Assignment:
Make an exact copy of the records, leaving out the images.

Material for this exercise:
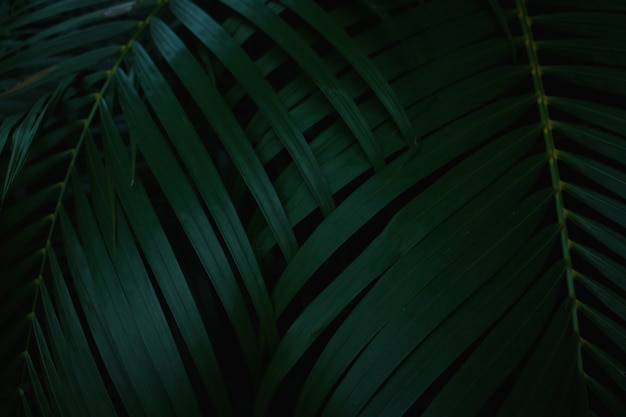 Fondo de hojas verdes. El verde deja el tono del color oscuro en la mañana.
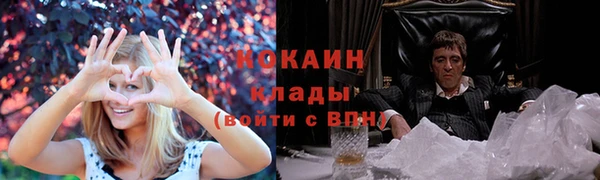 дживик Аркадак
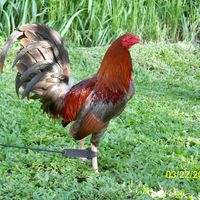 Victory Feeds Hawaii logo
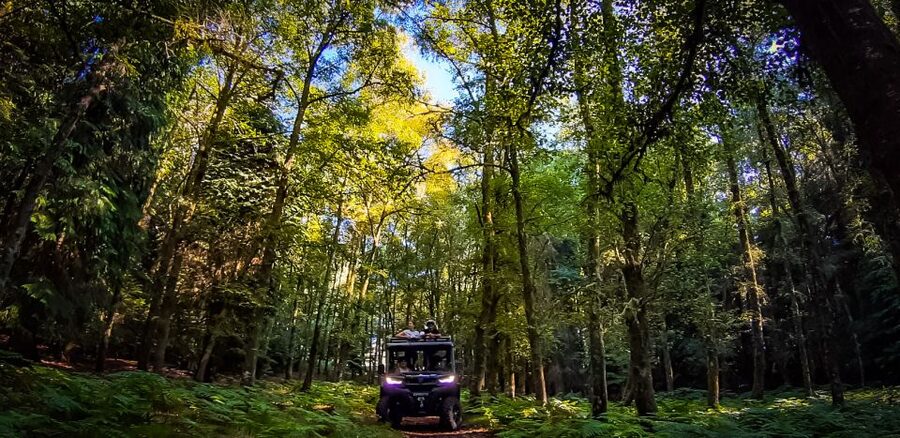 Prozelo: Buggy Tour - Should you book the Prozelo buggy tour?
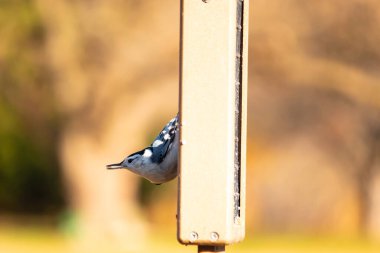 Bu küçük tatlı tımarhane, bu fotoğraf çekildiğinde süet besleyiciye tutunuyordu. Küçük kuş bana neredeyse siyah beyaz tüylü bir pengueni anımsatıyor. Kuşumuz biraz yemek için dışarı çıktı..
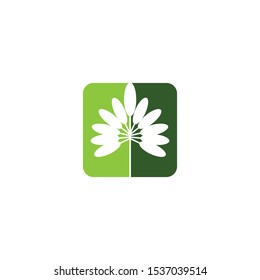 leaf vector template icon design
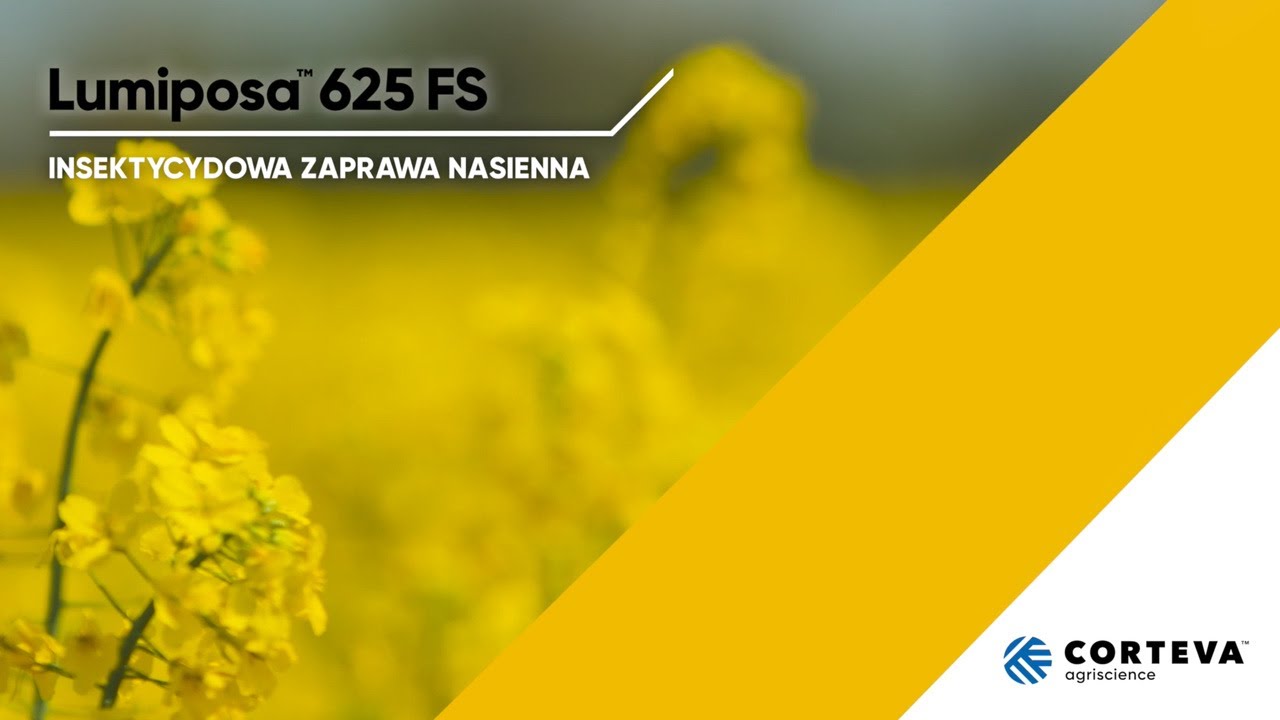 Lumiposa™ 625 FS to najbardziej kompleksowa insektycydowa zaprawa nasienna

Reply to the task:
 Fondo de hojas verdes. El verde deja el tono del color oscuro en la mañana.
 дживик Аркадак
 Victory Feeds Hawaii logo
 Prozelo: Buggy Tour - Should you book the Prozelo buggy tour?
 Bu küçük tatlı tımarhane, bu fotoğraf çekildiğinde süet besleyiciye tutunuyordu. Küçük kuş bana neredeyse siyah beyaz tüylü bir pengueni anımsatıyor. Kuşumuz biraz yemek için dışarı çıktı..
 leaf vector template icon design
 Lumiposa™ 625 FS to najbardziej kompleksowa insektycydowa zaprawa nasienna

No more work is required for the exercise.